● Work to be completed:
When you reach the line that contains "Vintage Casual Corner", set down that line and every one after it through the end of the records, exactly as written and with no pictures.

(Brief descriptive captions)
◆ ◆ ◆ ◆ ◆ ◆ ◆

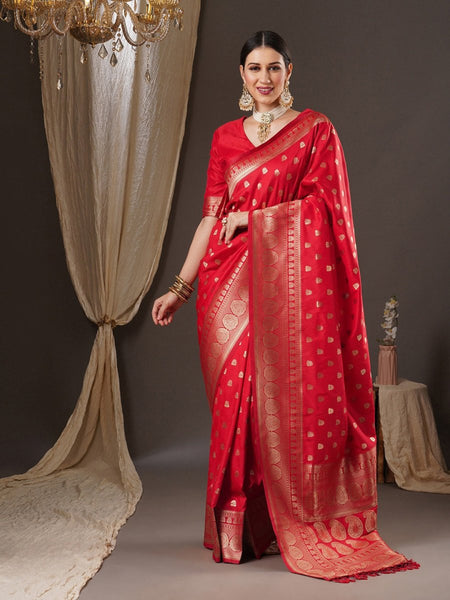 Anouk Floral Zari Banarasi Saree - Distacart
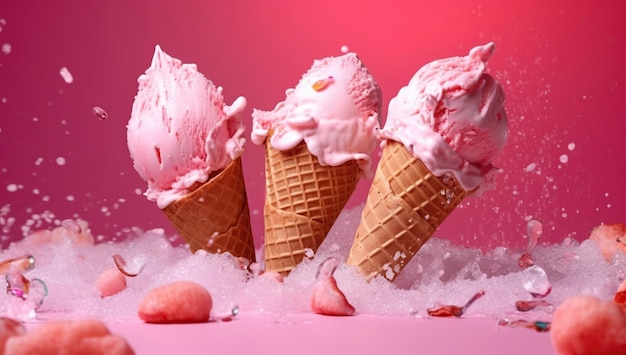 Three balls of delicious strawberry ice cream in wafer cone pink milk splash generative ai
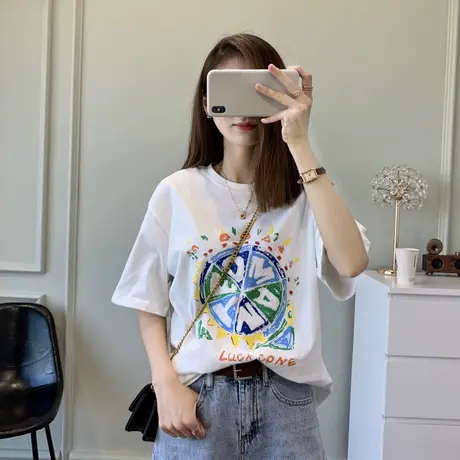 chic港风短袖t恤女2021新款白色宽松韩版ins欧美hiphop半袖上衣夏商品大图
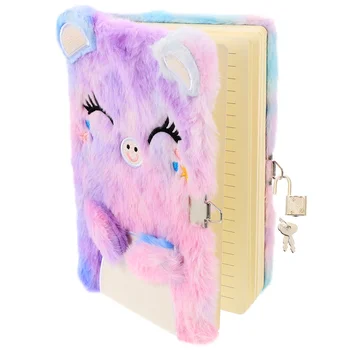 Детски бележник със заключване Очарователен дневник момиче плюшен джоб за писане на лилаво прекрасен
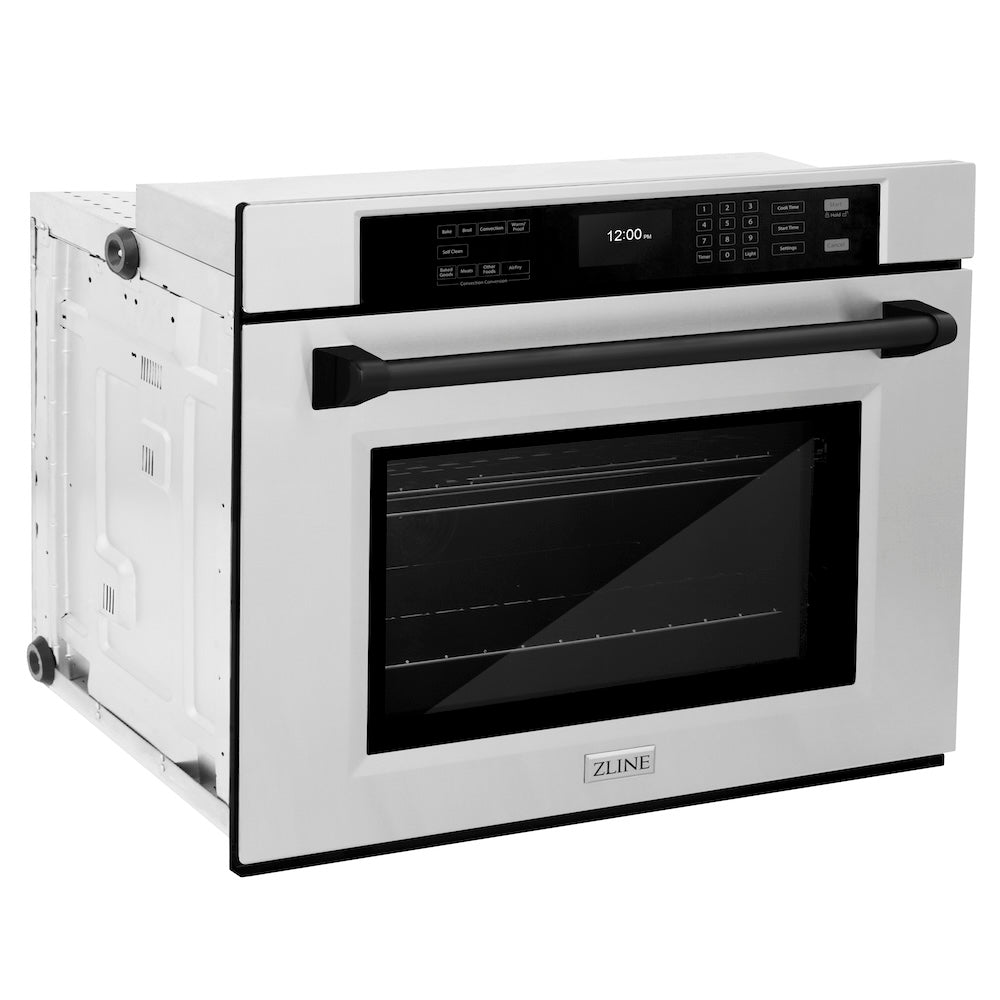 ZLINE Autograph Edition Professional 30-inch wall oven in stainless steel and matte black accents WASZ-30-MB, side view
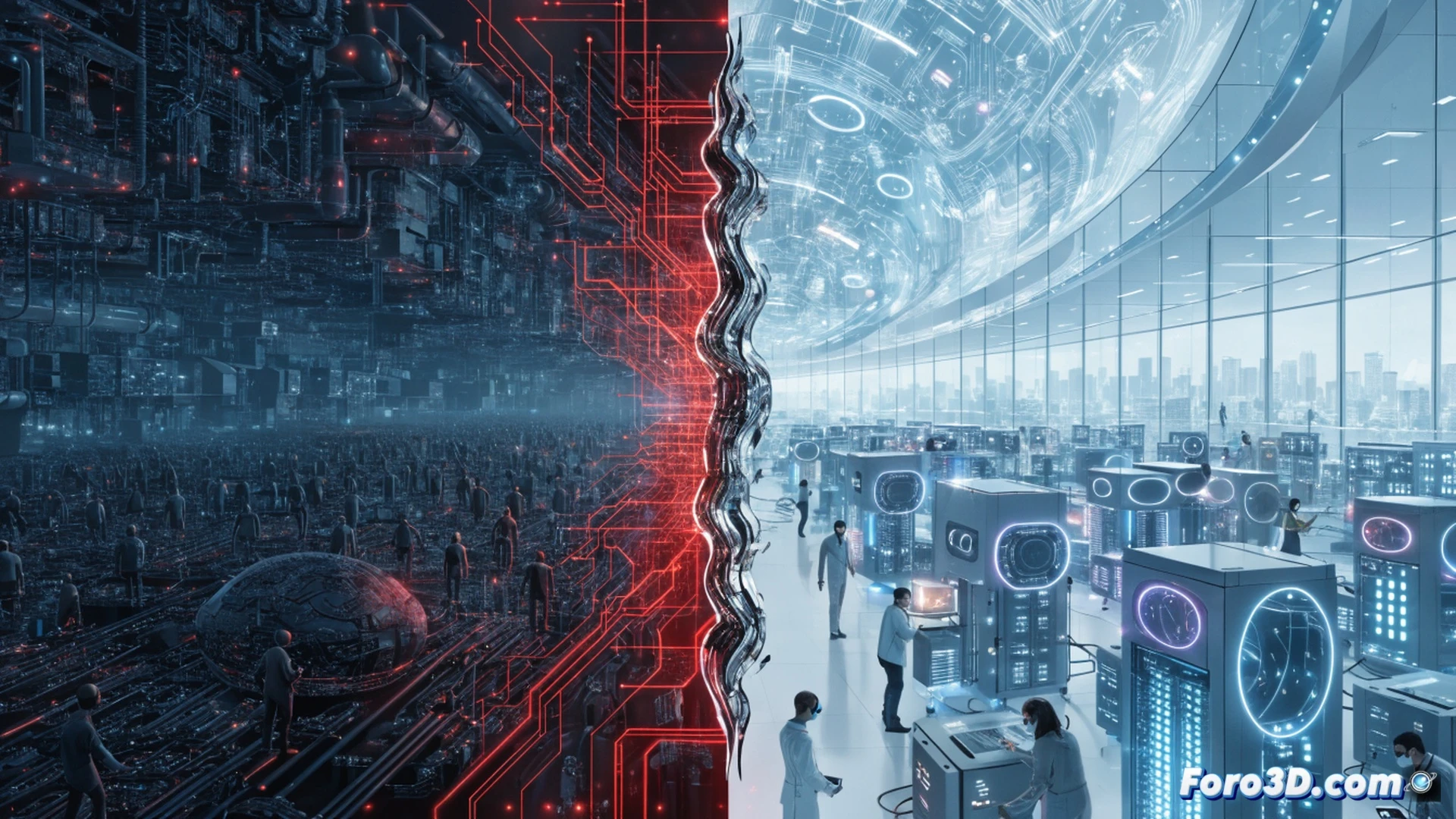 digital wall constructed from glowing server racks and code blocks, a towering firewall with a biometric scanner rejecting a holographic hand reaching from the other side, the hand belongs to a developer silhouette, while the wall is covered in padlock symbols and binary chains, on the US side a glowing AI brain is connected to high-end GPUs and fiber optic cables, on the foreign side broken cables and faded circuit boards lie on the ground, cinematic technical illustration, photorealistic engineering visualization, dramatic side lighting, blue and red neon contrast, ultra-detailed electronic components, metallic surfaces reflecting light, action of blocking and separation clearly visible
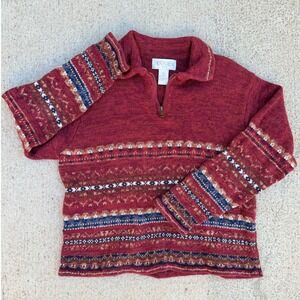 Vintage Casual Corner Annex Petite Fair Isle Quarter Zip Sweater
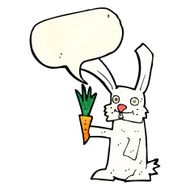 cartoon rabbit with carrot speech bubble N3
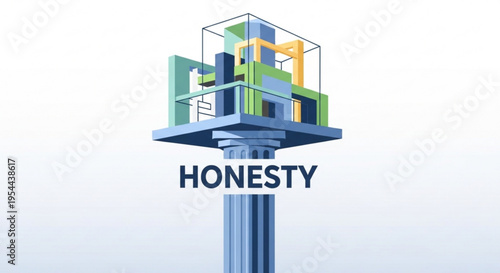 3d illustration of a multicolored building on a pedestal with the word honesty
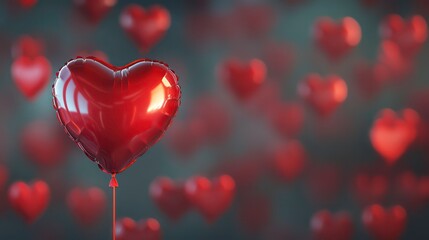 Obraz premium A single large red heart-shaped balloon in focus, with many smaller blurred red heart balloons in the background.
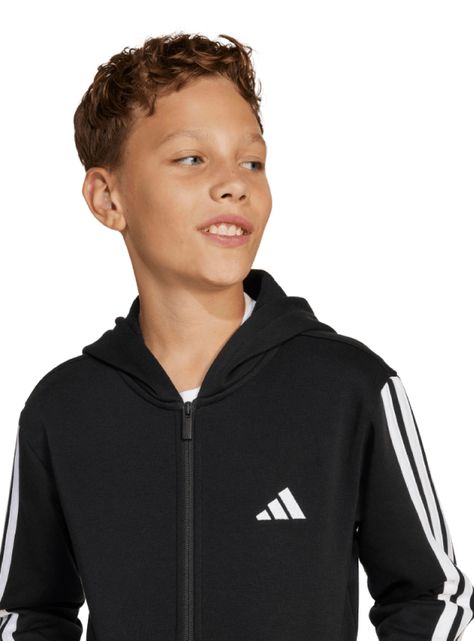 Polerón Essentials 3 Stripes Hoodie Kids-4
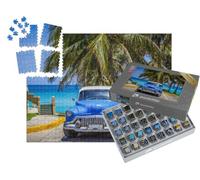 puzzleYOU : Smart Sorted® | Puzzle Photo 1000 pièces « Voiture Ancienne : Buick sous Les Palmiers sur la Plage, Varadero, Cuba »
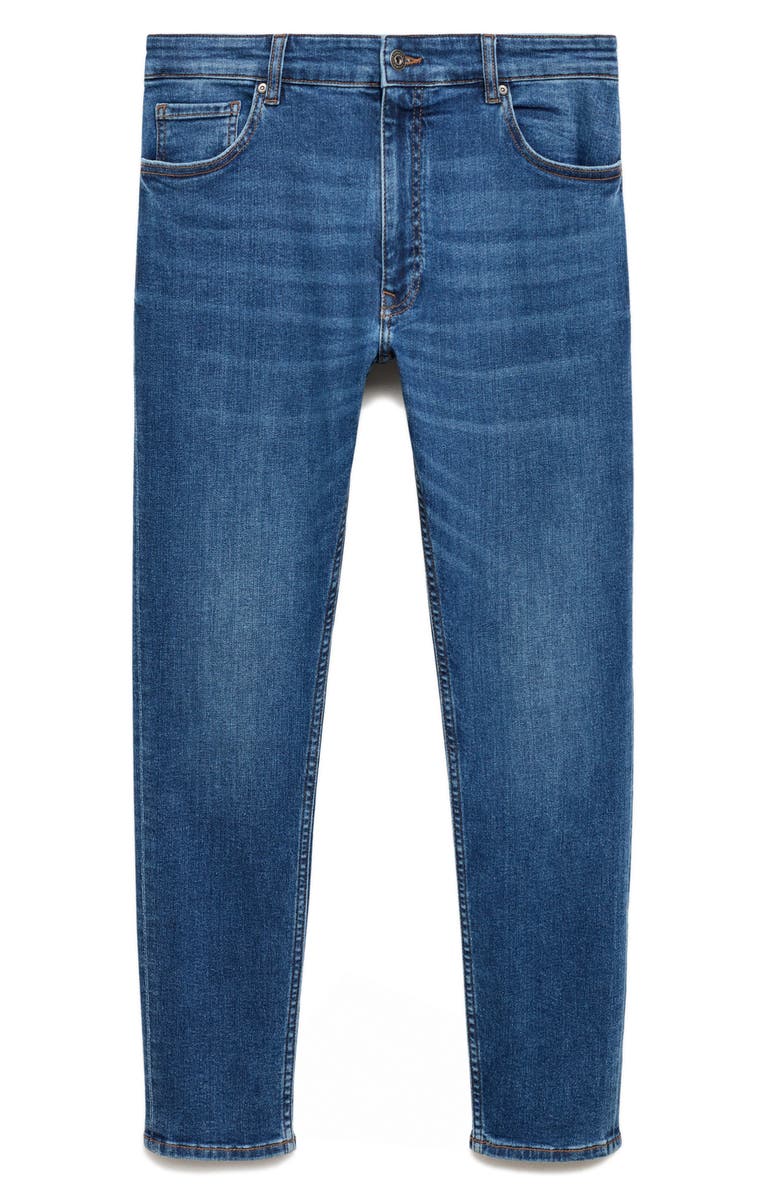 MANGO Jude Skinny Fit Stretch Denim Jeans, Alternate, color, Dark Blue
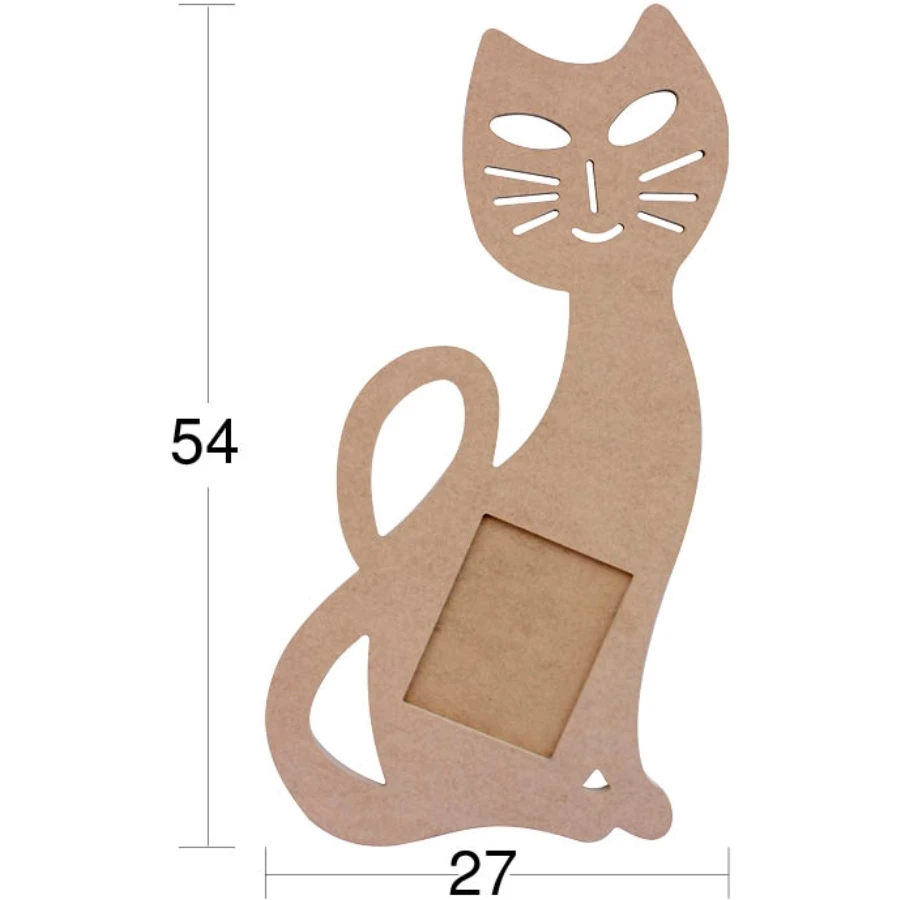 ÇER148 Cat Frame Left, Can Be Painted Mdf Picture Frame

◆ ◆ ◆ ◆ ◆ ◆ ◆

● Result:
 Vintage Casual Corner Annex Petite Fair Isle Quarter Zip Sweater
 cartoon rabbit with carrot speech bubble N3
 3d illustration of a multicolored building on a pedestal with the word honesty
 Obraz premium A single large red heart-shaped balloon in focus, with many smaller blurred red heart balloons in the background.
 Polerón Essentials 3 Stripes Hoodie Kids-4
 puzzleYOU : Smart Sorted® | Puzzle Photo 1000 pièces « Voiture Ancienne : Buick sous Les Palmiers sur la Plage, Varadero, Cuba »
 MANGO Jude Skinny Fit Stretch Denim Jeans, Alternate, color, Dark Blue
 ÇER148 Cat Frame Left, Can Be Painted Mdf Picture Frame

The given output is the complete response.